Civilian responders were the first to arrive after the crash, hoping there was something they could do to help.
“Open it up see if it’s got an ID in there or anything," said Jason Campbell as he and two friends picked up debris in the water. "Yeah, drivers license anything … cellphone. Nothing in it?”
The Anahauc boat mechanics were the first ones to make it to the crash site. They spotted the plane minutes before when it was still in the air above the trees.
"All we saw was the butt end of it," Campbell said. "And we knew it was too low. And we heard it hit the water. And then everything just went quiet.”
They drove their boat to the dock and launched into the water and began looking.
“The whole reason for us going out there was to see if we could save anybody," Campbell said. "If we could help anybody. There wasn’t none of that.
“There’s not much of a plane left to tell that it was actually an airplane. There’s packages, clothes, shoes, this stuff floating everywhere.”
Then they began to discover things that were more unsettling.
“Pieces of bodies, nothing bigger than you know," Campbell said. "It’s obvious it’s human pieces but nothing bigger than you can hold in your hands.
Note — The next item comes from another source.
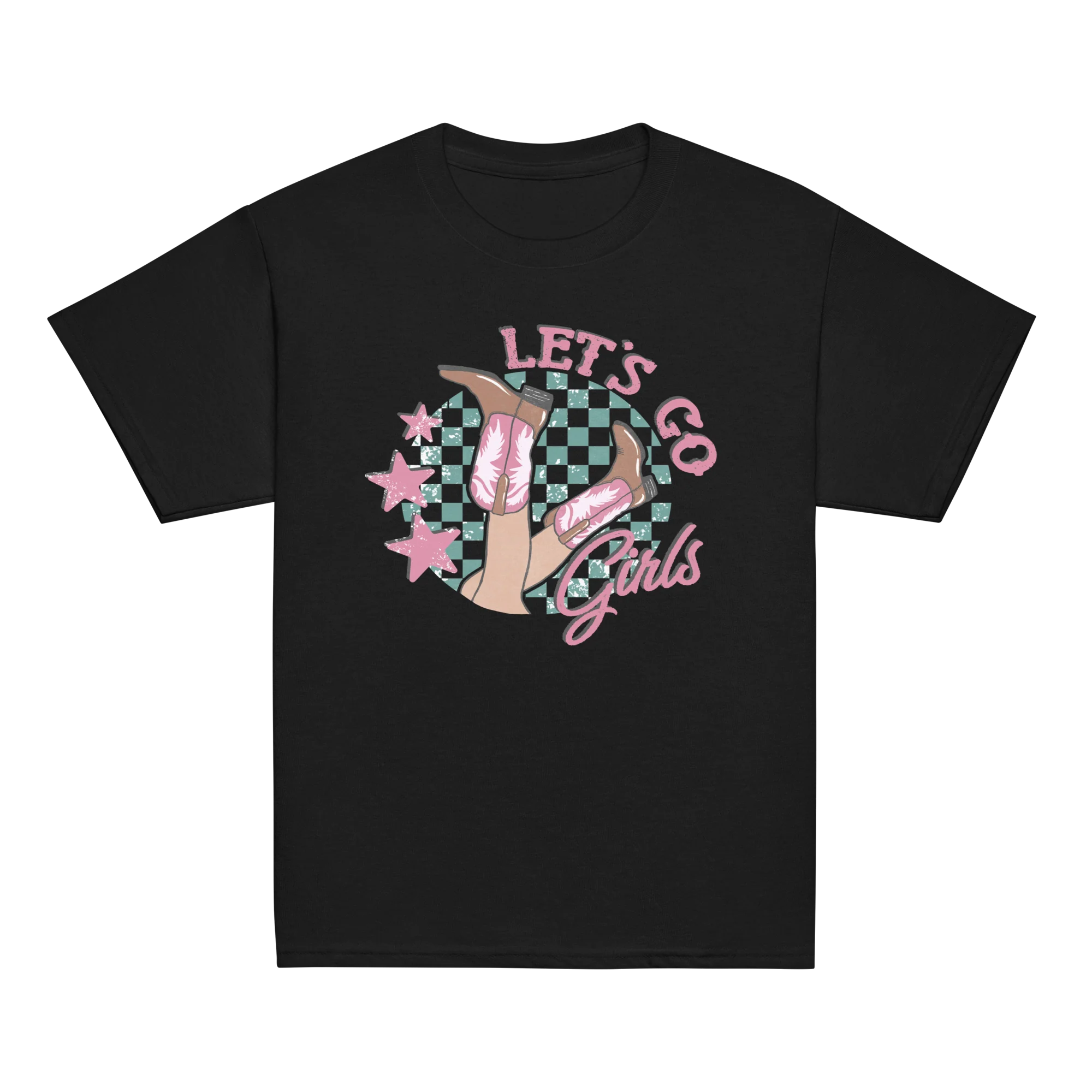 Let's Go Girls Cowgirl Baby Tee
I knew it was going to be bad, we just … wanted to help people if we could. Whatever it was, we were going to be there to do it.”
This wasn’t the first time this group of men jumped at the chance to save lives.
They were honored for their civilian rescues during Hurricane Harvey when they brought more than 200 people to dry land.
There was not a chance on Saturday.
They said the plane crashed in the marsh where the water is only three-feet deep.
They said the plane was literally swallowed up by the soft mud.